# What is your favorite / recommended WC book?



## PiedmontChun (Aug 5, 2014)

It seems like finding a good WC book or reference can be very hit or miss. What are some of the books others here have and reccomend? Not for actually learning the art from a book, but just as an aid or even 'coffee table book' to read in spare time.

For me personally:

- I have Ip Chun's Wing Chun Kung Fu: Traditional Chinese Kung Fu for Self-Defense and Health: Ip Chun, Michael Tse: 9780312187767: Amazon.com: Books and it is so general and basic it almost useless other than to show an outsider a taste of what WC is all about.
- I also have the now-out-of-print http://www.amazon.com/Look-Beyond-P...id=1407254153&sr=8-2&keywords=wong+shun+leung which is great book to read if you revere WSL, but it is more anecdotal than technical in nature.

Being in the Leung Ting lineage I know there are tons of books from him printed in the WingTsun explosion of the 80's; some appear out of date or get a bad rep for being self-promoting so I am cautious to fork out the money.

What about you guys?


----------



## Vajramusti (Aug 5, 2014)

PiedmontChun said:


> It seems like finding a good WC book or reference can be very hit or miss. What are some of the books others here have and reccomend? Not for actually learning the art from a book, but just as an aid or even 'coffee table book' to read in spare time.
> 
> For me personally:
> 
> ...


-------------------------------------------

Lots of pretty bad wing chun books out there.

I dint learn from the books but I have my sifu(Augustine Fong's ) books- most of them out of print.

Chow and Weakland's 3 volume book- The secrets of Wing Chun kung fu isn't bad.


----------



## TinTin_57 (Aug 5, 2014)

I have several:-

Mastering Wing Chun by Samuel Kwok is very good, as are the 3 books by Shaun Rawcliffe. 

I have others that I treat purely as collectables and these are Developing Chi Power by William Cheung and Advanced Wing Chun by William Cheung. I also have the James Yim Lee Wing Chun book too. (I quite like the Black Belt/Ohara martial arts books).


----------



## KPM (Aug 5, 2014)

I like books.   I have been involved in Wing Chun for a looooong time.  So....I have a pretty extensive Wing Chun library.  Some books absolutely horrible.  Some pretty good.  If anyone had a question about a specific title, I likely have it in my library and may be able to answer.

Some of my favorites:
1.  WSL/Peterson's  "Pointing Finger" is a good read and I seem to pick up on something new every time I read it.  A new expanded edition is back in print.  Some additional articles have been added, but the main text remains the same.

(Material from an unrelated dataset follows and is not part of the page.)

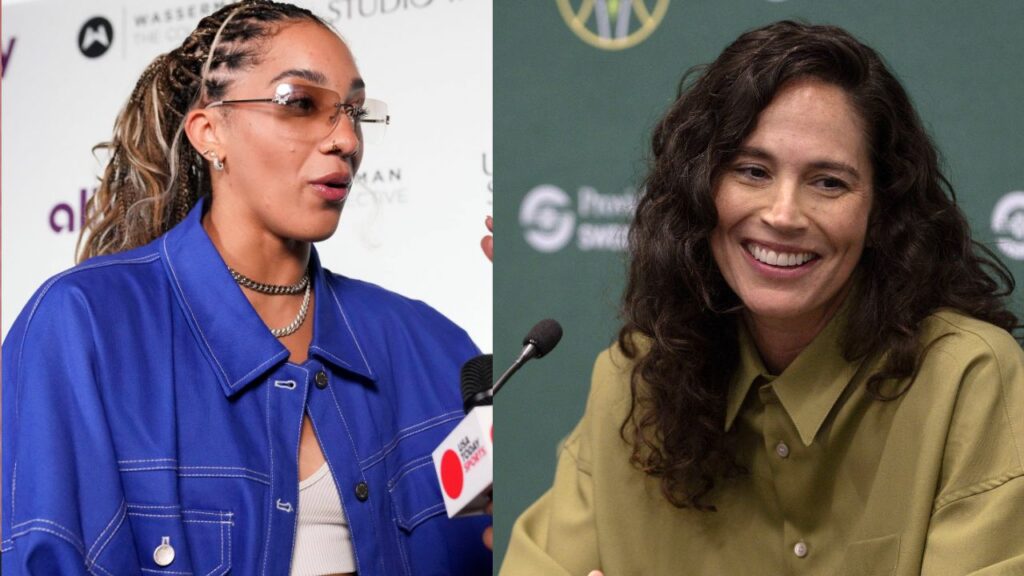 Gabby Williams (L), Sue Bird (R)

2.  Randy Williams' older series.  This was printed in Singapore.  Likely now out of print.  I haven't seen the new version.  But this is probably the most comprehensive series of Wing Chun books you will find and Williams is very technical with good attention to detail.  

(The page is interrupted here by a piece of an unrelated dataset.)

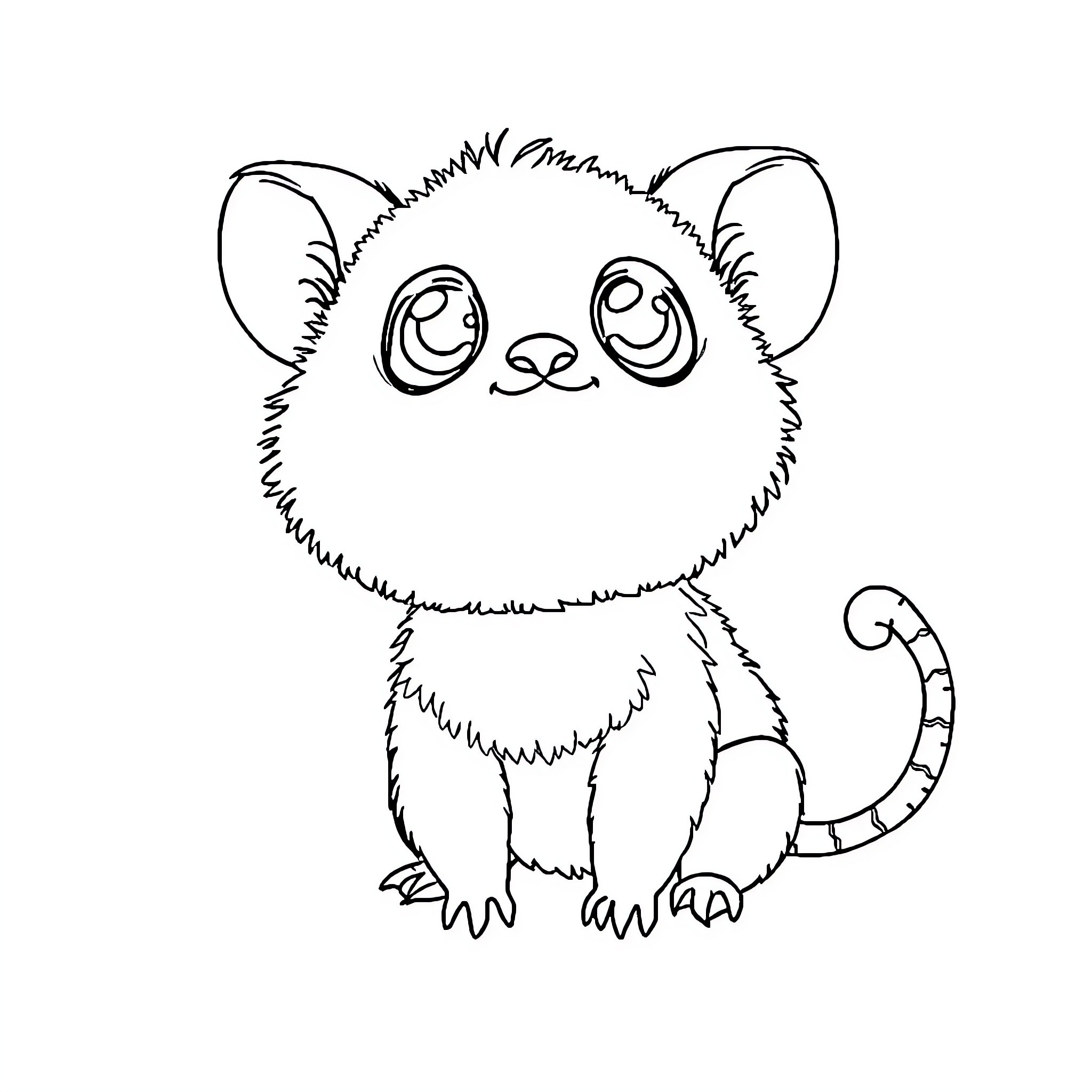 Labubu's Adorable Creature Illustration Coloring Page (free black-and-white line drawing printable PDF for all, from beginners to advanced learners, including children, teens, adults, and seniors)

3.  Wayne Belonha's 2 volumes are probably the next most comprehensive series you will find and are pretty good.

These are all Ip Man Wing Chun.  If you are looking for something about non-Ip Man Wing Chun good luck!  The choices are limited and what is available isn't very comprehensive or very good.


----------



## PiedmontChun (Aug 5, 2014)

KPM said:


> I like books. I have been involved in Wing Chun for a looooong time. So....I have a pretty extensive Wing Chun library. Some books absolutely horrible. Some pretty good. If anyone had a question about a specific title, I likely have it in my library and may be able to answer.
> 
> Some of my favorites:
> 1. WSL/Peterson's "Pointing Finger" is a good read and I seem to pick up on something new every time I read it. A new expanded edition is back in print. Some additional articles have been added, but the main text remains the same.
> ...



Thanks for the reply. I'm definitely not looking WC outside Ip Man family. Not that its not interesting, just not what I am looking for. I believe I do have the newer expanded version of WSL / Peterson's book.


----------



## Cephalopod (Aug 6, 2014)

Robert Chu's _Complete Wing Chun_ is a good read, mainly for the nonpartisan background information on the various lineages.

    I own Belonoha's Compendiums, both of them, a walloping thousand pages worth. I picked them up for reference material and I thought that, given the sheer mass of these tomes, there would be plenty of stuff in there to pique my interest. In the end I found that half the material was abstract to the point of pretentiousness and the other half was highly colored by a dogmatic view on what is 'Good' wing chun and what is 'Bad' wing chun. 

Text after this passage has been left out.